Issues in de samenwerking
Afgelopen jaren hebben de deelnemende projecten veel tijd gestoken in integrale afstemming, visievorming en samenwerking binnen en buiten de gemeentelijke organisatie. De banden met marktpartijen zijn per project verschillend. Zo is er in het ene project een beperkte of ad hoc dialoog over de opgaven in het gebied, elders is de afstemming en samenwerking verankerd in structurele overlegvormen. Soms is er een publiek-private samenwerking opgetuigd. Een terugkerende barrière ontstaat hier vaak bij de kaveloverstijgende voorzieningen. Bijvoorbeeld op het gebied van mobiliteit. Wie betaalt voor de parkeerplaatsen, deelmobiliteitsoplossingen en mobiliteitshubs? Ontwikkelaars kijken dan nog vooral naar de gemeente.
Het overlaten van gebiedstransformaties aan marktinitiatief of cocreatie kent volgens de ondervraagde gemeenten zijn grenzen; overheidssturing is echt nodig. Volgens één respondent zei een private partij bijvoorbeeld dat zonder de gemeente op de transformatielocatie alleen maar hotels en datacenters tegen hoge opbrengsten zouden komen en dat de openbare ruimte er belabberd bij zou liggen.

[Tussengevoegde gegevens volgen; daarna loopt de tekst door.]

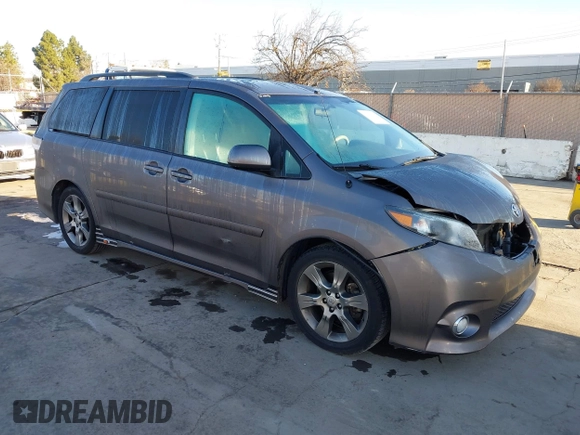 2011 Toyota Sienna SE with VIN 5TDXK3DC5BS064260, listed as a IAAI auction lot 41616160 with 98,505 mi miles. Bid and sale history available at carsss.com. Image 1.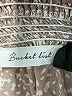 Bucketlist 100% Polyester Animal Print Brown Long Sleeve Blouse Size M - photo 3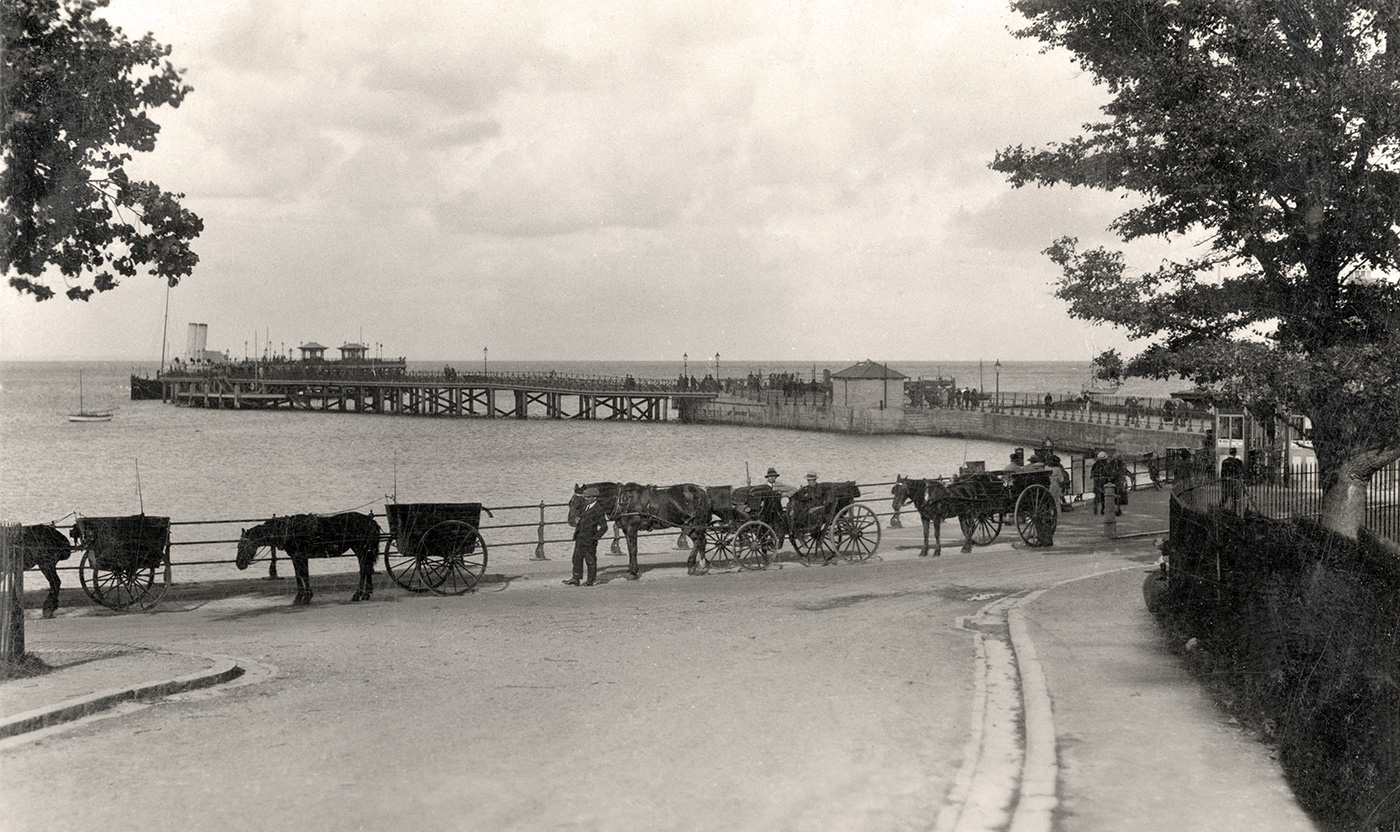 Horses at the Pier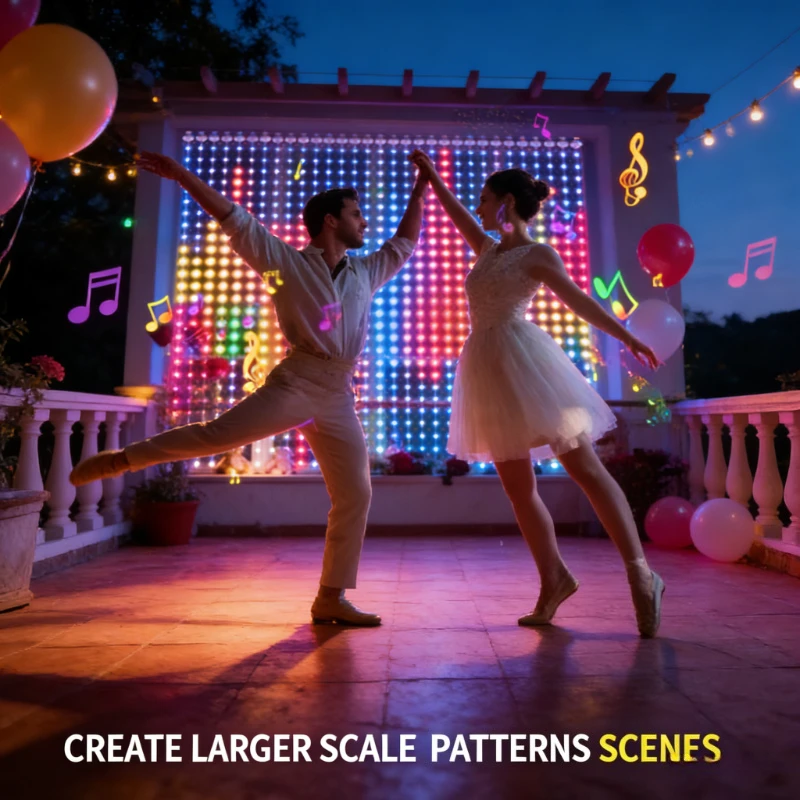 Wedding Lighting And Decor - スマート400LEDカーテンライト、音楽同期DIYフェアリーストリングライト、クリスマスウェディングパーティーの窓飾り用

De samenwerking tussen gemeente en marktpartijen en de inbedding daarvan in de organisatie laat zowel verbeteringen als uitdagingen zien. “Onze gemeente heeft een steile leercurve doorlopen”, vertelde een respondent aan de TU Delft. “De planvorming is nu meer gebaseerd op maatwerk, dialoog, transparantie en wederzijds begrip. Op deze schaal is dat volkomen nieuw. Wat lastig is, is dat de achterban bij de gemeente en bij de politiek daar weer achteraankomt.”
Wisselingen en gebrek aan vaste experts
Vanuit de politieke arena worden gebiedstransformaties met een stapeling aan ambities geconfronteerd, die niet allemaal uitvoerbaar zijn volgens de respondenten. Binnen de gemeentelijke organisatie ervaren afdelingen vaak uiteenlopende en soms tegenstrijdige opdrachten vanuit hun bestuur of directie. Denk aan (maatschappelijk) vastgoed, grondzaken, jeugd en zorg. Deze verkokering geldt zeker ook voor de financiële verantwoording.
Een terugkerend punt van zorg bij de deelnemende projecten is het gebrek aan capaciteit, kennis en expertise binnen de gemeente. Op bestuurlijk niveau zijn vaak veel wisselingen, met bijvoorbeeld vier opeenvolgende wethouders en drie directeuren op één project in de afgelopen jaren. Deze snelle wisselingen zijn ook niet bevorderlijk voor het vasthouden van kennis. De ambtelijke organisatie is soms te klein en te zwaar belast. “We hebben capaciteitsgebrek op vrijwel alle betrokken afdelingen”, vertelde een respondent aan de TU Delft. Vooral kleine gemeenten zijn afhankelijk van tijdelijke kennis, waar twee derde van de gebiedsorganisatie bestaat uit externe adviseurs en interimmanagers. Ook grotere gemeenten onderstrepen het belang van investeren in meer kennis en expertise van de eigen organisatie die noodzakelijk is om de hoeveelheid aan en complexiteit van transformatieopgaven aan te kunnen. Gemeenten kunnen het niet alleen en hopen dat het Rijk onder meer op dit front meer hulp biedt.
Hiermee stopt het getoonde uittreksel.